§ TASK PROMPT: Please report every line of the listing below that has the word "drink" in it.

§ EXCERPTED RECORDS:
*** Begin section ***
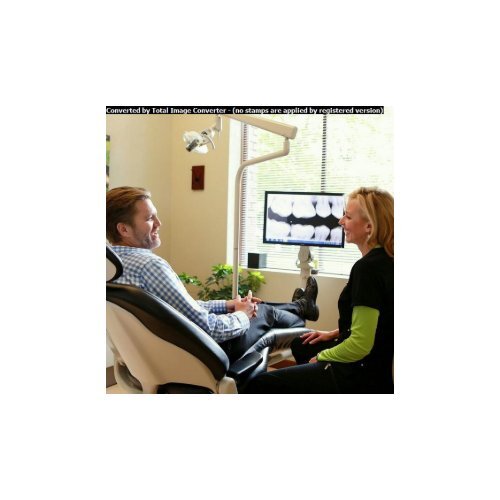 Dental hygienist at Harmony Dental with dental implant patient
*** End section ***
*** Begin section ***
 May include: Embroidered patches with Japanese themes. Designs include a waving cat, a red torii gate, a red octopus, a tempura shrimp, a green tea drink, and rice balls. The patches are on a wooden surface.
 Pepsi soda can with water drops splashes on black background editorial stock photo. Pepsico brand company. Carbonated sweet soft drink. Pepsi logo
*** End section ***
*** Begin section ***
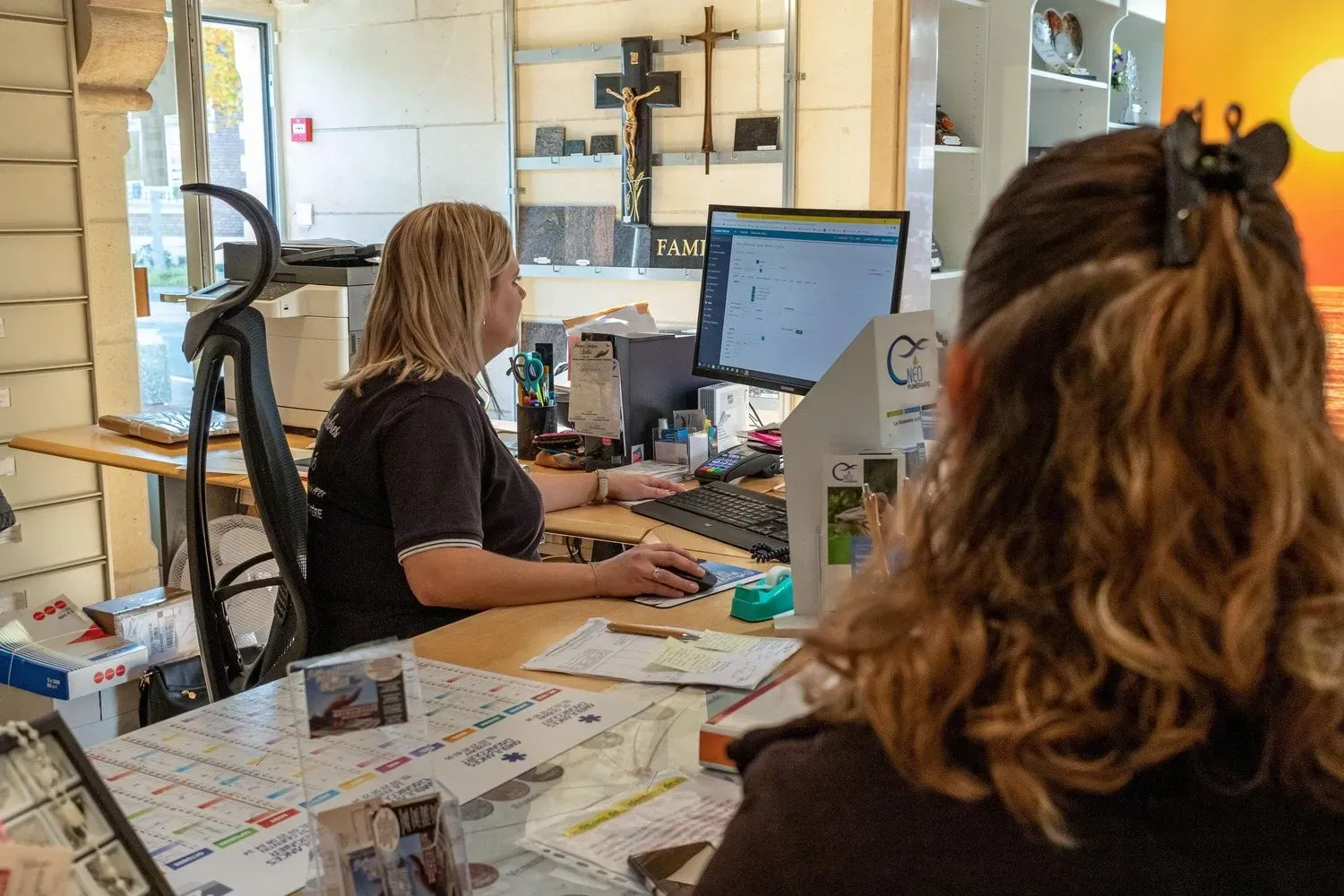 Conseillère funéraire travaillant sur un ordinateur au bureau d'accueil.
*** End section ***
§ RESPONSE AREA:
 May include: Embroidered patches with Japanese themes. Designs include a waving cat, a red torii gate, a red octopus, a tempura shrimp, a green tea drink, and rice balls. The patches are on a wooden surface.
 Pepsi soda can with water drops splashes on black background editorial stock photo. Pepsico brand company. Carbonated sweet soft drink. Pepsi logo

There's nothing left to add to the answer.